There is a big value in understanding the hyperlink structure of our website as I pointed out in my PhD thesis. At the time I was doing it, getting the hyperlink structure of a website and visualize it was a tedious task. However, nowadays there are a bunch of free tools that facilitate this task.
In this post I will show how to visualize the link structure of a website using three tools:
- Screaming Frog SEO Spider to crawl the target website
- Google Refine to clean up data and obtain a file that can be visualized
- Gephi: to manipulate a visualize the graph of the website
Screaming Frog SEO Spider is extremely easy to use. Just type in the search box the website you want and press start
Once the software has crawled the target site, proceed to the extraction of the inlinks of the site using “Advanced Export” -> “Success (2xx) in Links”.

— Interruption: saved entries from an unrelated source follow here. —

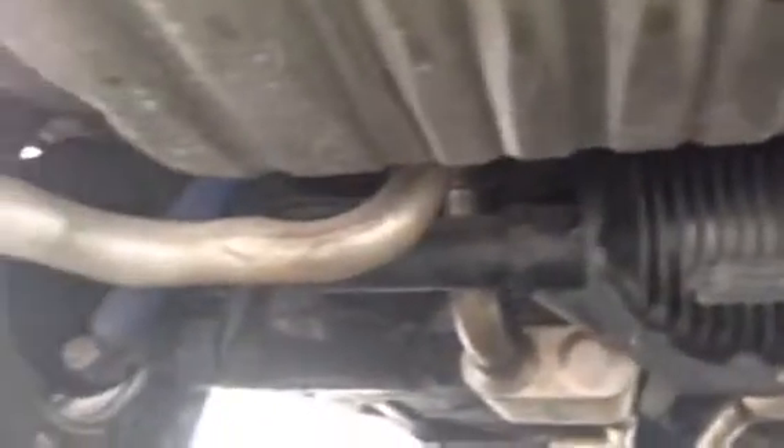Alright, so here is the underneath, nice and clean, that all looks good. I just want you to see the carriage. There's the rear. We'll go to the other side now. As you can see, how solid everything looks.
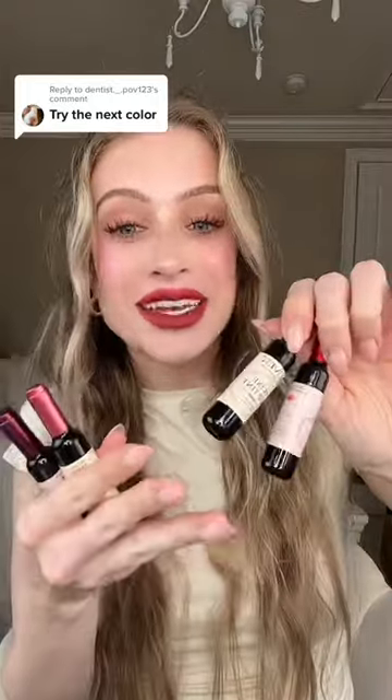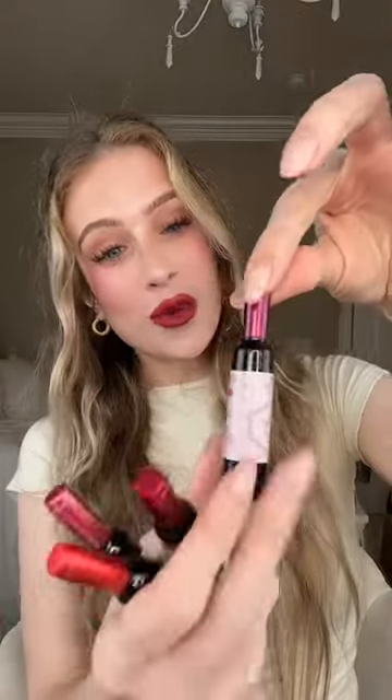I'm back and we're doing another wine lip stain, and today we're going in with the purple one. First I'm gonna remove what I already have on — and you guys, let me tell you something, these lip stains are no joke. You better really like the shade you put on because it is not going anywhere.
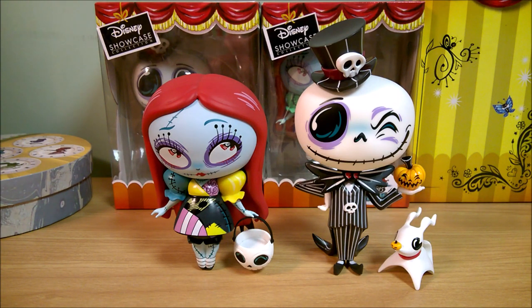Hello, it's Collector Sleuth here. I had some Hot Topic hot cash and some Box Lunch money to spend, so I bought some Nightmare Before Christmas Miss Mindy figurines made by the company Enesco.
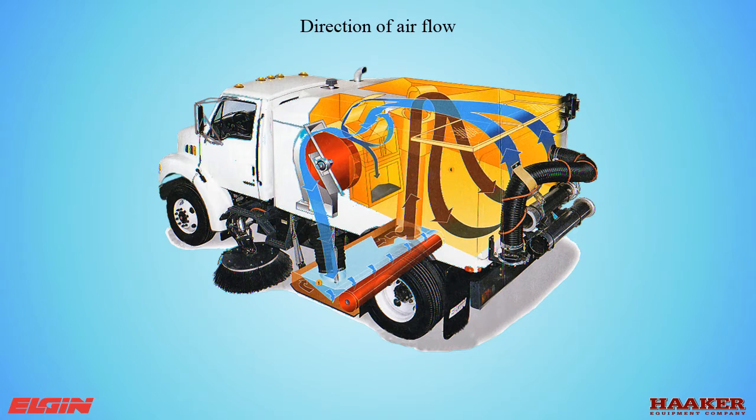The Crosswind is a regenerative air street sweeper that uses air movement to move debris off the ground. The fan creates the air to move the debris — it pulls the air from the debris hopper. The air out of the fan is forced through a hose to the pickup head, which directs the air to a gap that is the full width of the pickup head. This is an air knife that cuts the debris off the ground and pushes it to the right side, where a hose goes back to the debris body from where the fan pulls the air.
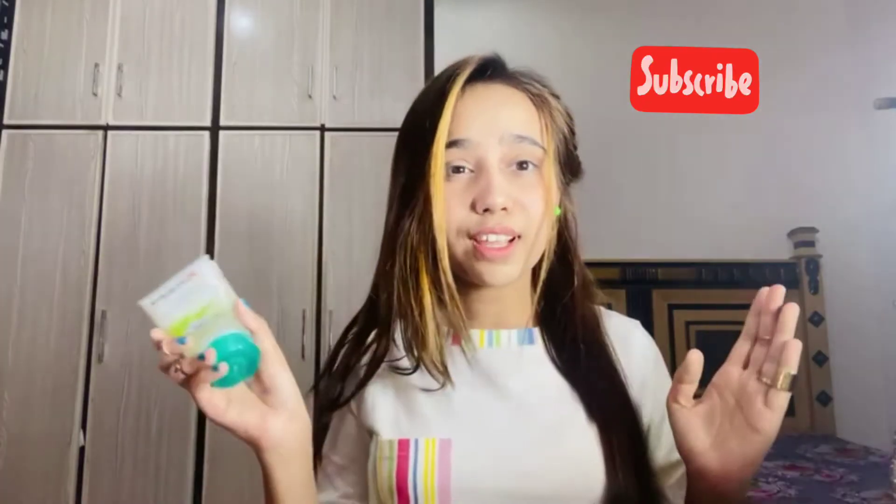Hi guys, it's me Arish Patma, welcome back to my YouTube channel. Today I am going to do rainbow makeup. Without any further ado, let's begin. First I use primer.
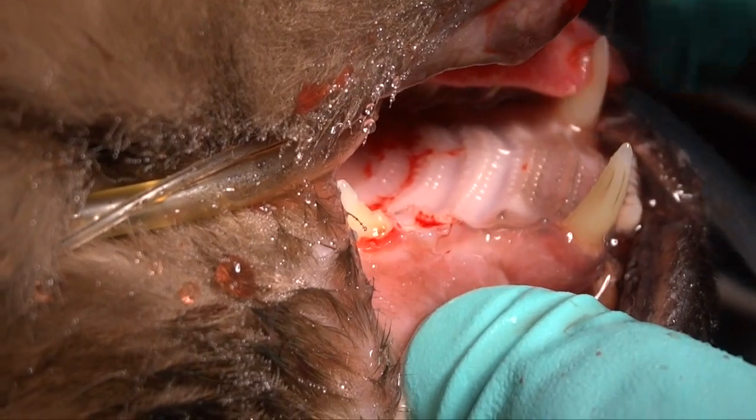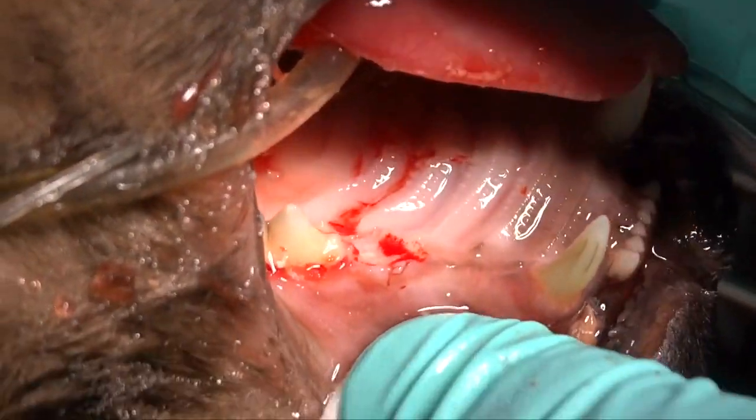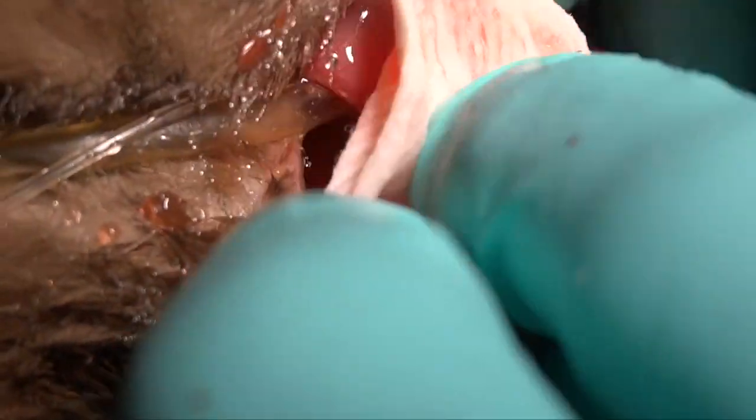You can visualize that as you're going, then confirm radiographically, and you're ready to suture.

The CSV provided by Fro SEO Spider contains too much information for what we need, which is a CSV file with two columns: “destination page”;”target page”. Google Refine can help us in this process as can be seen in the following video
Gephi will be able to interpret our filtered CSV file and generate a graph out of it. There are a bunch of tutorials on the software’s website that you can read to layout and explore your graph. In my case, I’ve calculated the statistics “Modularity” which will help to color the nodes according to the cluster they belong to, and “Avg. Path Length”, which also calculates the Betweenness centrality, a measure that helps to discover the most relevant nodes in our graph according to their connectivity.
UPDATE: In order to use the SVGPan library with our Gephi generated SVG file, the tag “<script xlink:href=”SVGPan.js”/>” must be added to the SVG file. Moreover, fot SVGPan to work, the tag <g> with id “viewport” must be used”<g id=”viewport”>” encapsulating all the <g> objects existing in the file. See the source code of the file for more details.